驚異の粘り腰だ。中日がセ・リーグ再開初戦で首位巨人に打ち勝った。1-4の劣勢から8、9回に4点奪って逆転。1度は追いつかれて延長に入ったが、5-5の10回に平田良介外野手(27)がトドメの決勝6号3ランをぶち込んだ。これで4位ながら巨人とは2・5ゲーム差! 相手のお株を奪う「リ・スタート」を劇的に決めてみせた。

 オレンジに染まった場内を静まり返らせた。G党には平田が振り抜くオレンジ色のバットがさぞ憎たらしく映ったことだろう。

 飛球が右翼ポール際に吸い込まれるのを確認した背番号6は、一塁ベースを回ったところで右手を突き上げ、跳びはねた。三塁ベンチでは谷繁兼任監督もガッツポーズ。8-5。乱戦に力強く終止符を打った。

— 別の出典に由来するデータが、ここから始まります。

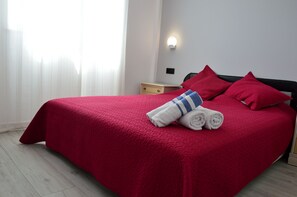 2 bedrooms, iron/ironing board, travel crib, free WiFi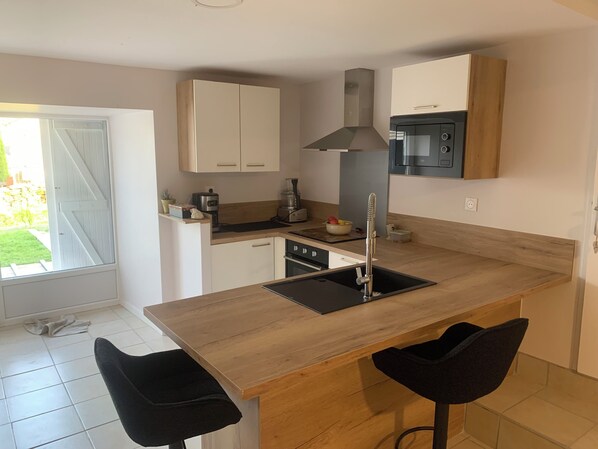 Réfrigérateur, micro-ondes, four, plaque de cuisson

 「すごくうれしいです。たぶん入ると思いました。いいところで打ててよかった。これでチームも乗っていけたらいいですね」

 1死から左腕戸根を攻めて代打藤井、亀沢が連打。ここで巨人は宮国にスイッチ。3番平田は狙っていた。代わりばなの初球。外のスライダーにバットを合わせ、歓喜の弾道を生み出した。ベンチを出る際に大先輩の小笠原から「決めてくださいよ」となぜか敬語で言われていたという。

 左腕エース大野を立てて必勝を期したリーグ再開初戦。0-1から6回にルナの適時二塁打で同点。だが大野が7回に崩れて1-4。敗色濃厚となったが心は折れなかった。8回に和田の適時打と捕逸で2点。そして9回は無死一、三塁からルナの併殺の間に同点。エルナンデスの右前打で勝ち越した。又吉がその裏に追いつかれたが、反撃の手はゆるめなかった。

 殊勲の平田にとっては復調を告げる一打になった。交流戦最後の楽天戦は12打数1安打と調子を落としていた。17、18日にナゴヤドームを訪れた土井正博特別コーチのチェックを受け、フォームの修正に励んでいた。6回には左翼への二塁打で同点のホームを踏んだ。6試合ぶりの3安打で、打線の軸に舞い戻った。

 谷繁兼任監督は「平田が一振りで決めてくれましたね」と喜んだ。さあ、リスタート。平田は「0・5差まで詰めたいです」と3連勝を高らかに誓った。